The library is written in Cython for speed. The library provides the ability to statically check dimensionality type (see below) and a limited protobuffer serialization support for select units (see below). Contributions to extend support for more units are welcome.

A precompiled wheel can be installed using pip install typedunits [--pre].

Example

>> import tunits
>> from tunits.units import meter, km, N, MHz

>> print(3*MHz)
Frequency(3, 'MHz')

>> print(5*meter + km)
Length(1005.0, 'm')

>> print(N/meter)
N/m

>> print((N/meter).in_base_units())
kg/s^2

>> print(2*km / tunits.Value(3, 's'))
0.666666666667 km/s

Static Type Check

TypedUnits provides the ability to statically check the dimensionality of variables and parameters. For example mypy would complain about incompatible types for the following code.

from tunits import Frequency, LengthArray
from tunits.units import meter, km, MHz

def frequency_fn(f: Frequency) -> Frequency:
    return 3*f

x = 2 * meter
x_arr = LengthArray([1, 2], km)
y = 3 * km
f = 7 * MHz

# okay
print(frequency_fn(f))
print(x + y)
print(x_arr - y)

# not okay
print(frequency_fn(x))
print(f + x)
print(x - f)
frequency_fn(x_arr)
$ mypy my_code.py
my_code.py:18: error: Argument 1 to "frequency_fn" has incompatible type "Length"; expected "Frequency"  [arg-type]
my_code.py:19: error: No overload variant of "__add__" of "Value" matches argument type "Length"  [operator]
my_code.py:19: note: Possible overload variants:
my_code.py:19: note:     def __add__(self, int | float | complex | number[Any], /) -> Frequency
my_code.py:19: note:     def __add__(self, ValueArray | list[Any] | tuple[Any] | ndarray[Any, dtype[Any]], /) -> ValueArray
my_code.py:19: note:     def __add__(self, Frequency, /) -> Frequency
my_code.py:20: error: No overload variant of "__sub__" of "Value" matches argument type "Frequency"  [operator]
my_code.py:20: note: Possible overload variants:
my_code.py:20: note:     def __sub__(self, int | float | complex | number[Any], /) -> Length
my_code.py:20: note:     def __sub__(self, list[Any] | tuple[Any] | ndarray[Any, dtype[Any]], /) -> ValueArray
my_code.py:20: note:     def __sub__(self, Length, /) -> Length
my_code.py:21: error: Argument 1 to "frequency_fn" has incompatible type "LengthArray"; expected "Frequency"  [arg-type]
Found 4 errors in 1 file (checked 1 source file)

Serialization support

TypedUnits provides protobuffer serialization support for selected units. Contributions are welcome to increase serialization coverage.

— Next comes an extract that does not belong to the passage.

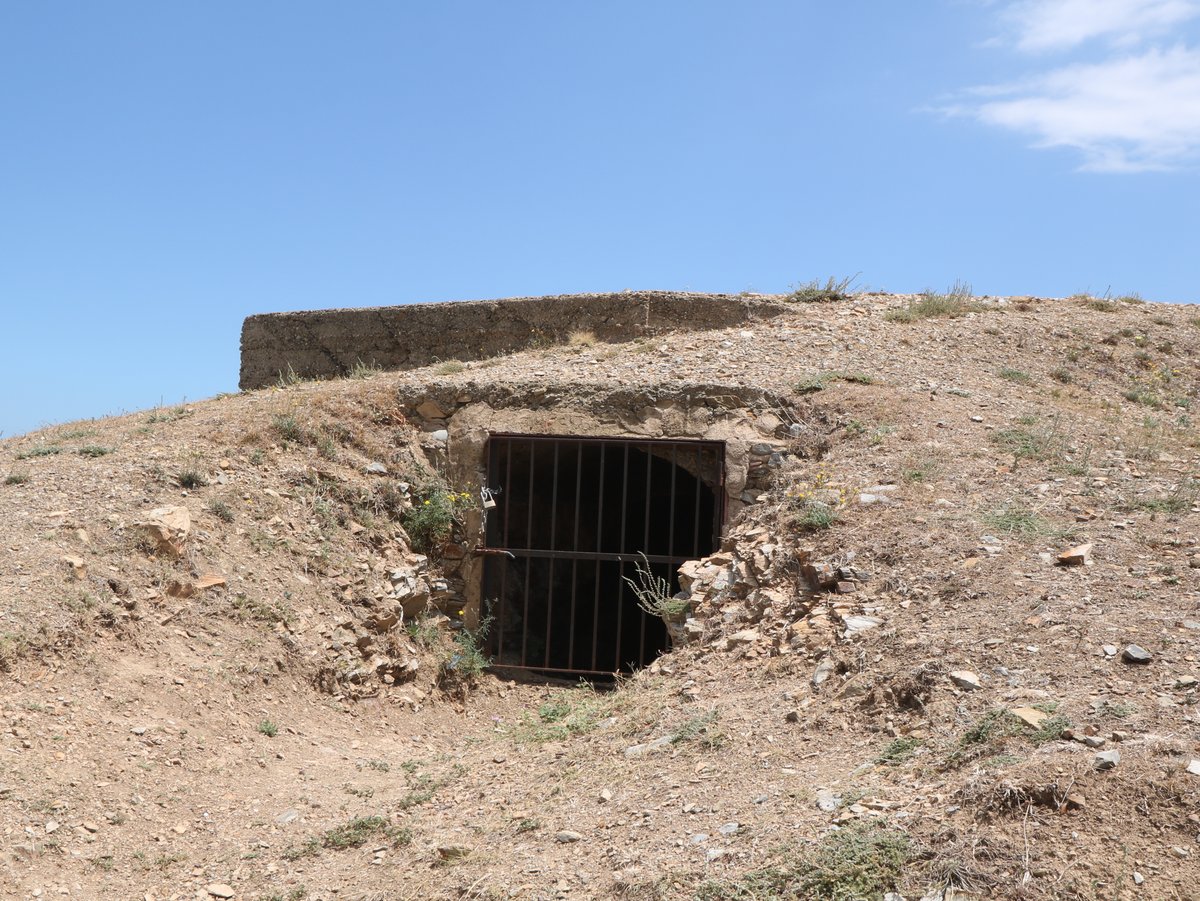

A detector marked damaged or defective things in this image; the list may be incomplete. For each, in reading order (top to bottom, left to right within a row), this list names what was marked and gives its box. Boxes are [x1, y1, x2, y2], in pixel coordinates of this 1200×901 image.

rusty metal frame [478, 434, 720, 676]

>> from tunits import Frequency
>> from tunits.units import MHz
>>
>> v = 3*MHz
>> msg = v.to_proto()
>> print(msg)
units {
  unit: HERTZ
  scale: MEGA
}
real_value: 3

>> Frequency.from_proto(msg)
Frequency(3.0, 'MHz')

Installation

  1. To install a precompiled wheel (add --pre for prelease version)

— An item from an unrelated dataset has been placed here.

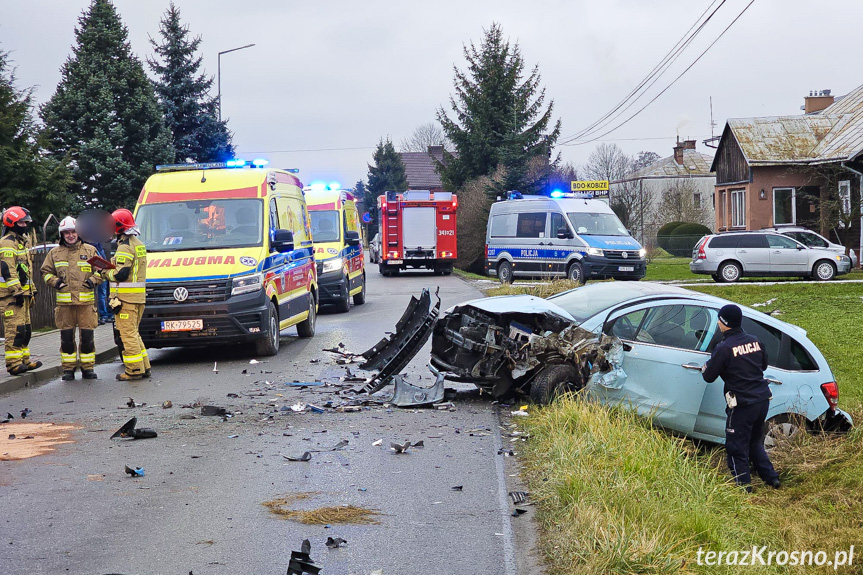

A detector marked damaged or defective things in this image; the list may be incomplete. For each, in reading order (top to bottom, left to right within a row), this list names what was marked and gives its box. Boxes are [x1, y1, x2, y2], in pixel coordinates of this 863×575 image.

    pip install typedunits # [--pre] 
    
  2. To locally build the latest version from the main branch

    pip install git+https://github.com/quantumlib/TypedUnits
    
  3. For a local editable copy

    git clone https://github.com/quantumlib/TypedUnits
    cd TypedUnits
    pip install -e .
    

Development and Testing

  1. Clone the repository.

    git clone https://github.com/quantumlib/TypedUnits
    
    cd TypedUnits
    

    All future steps assume you are in the repository's directory.

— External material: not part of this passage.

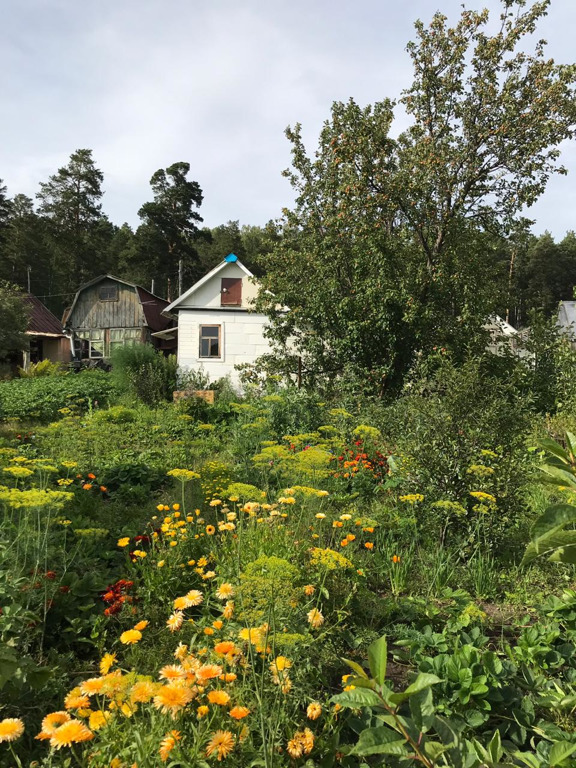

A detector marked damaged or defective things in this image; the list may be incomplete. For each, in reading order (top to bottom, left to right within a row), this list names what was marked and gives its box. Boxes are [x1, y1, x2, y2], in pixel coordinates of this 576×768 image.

  2. Install dev environment dependencies.

    pip install -r dev_tools/dev.env.txt
    
  3. Install TUnits

    pip install -e .
    
  4. Test.

    pytest
    

Formatting

dev_tools/format.sh  # to format
dev_tools/format.sh --check  # to verify format

Note: This is not an officially supported Google product

Project details


Release history Release notifications | RSS feed

Download files

Download the file for your platform. If you're not sure which to choose, learn more about installing packages.

Source Distributions

No source distribution files available for this release.See tutorial on generating distribution archives.

Built Distributions

If you're not sure about the file name format, learn more about wheel file names.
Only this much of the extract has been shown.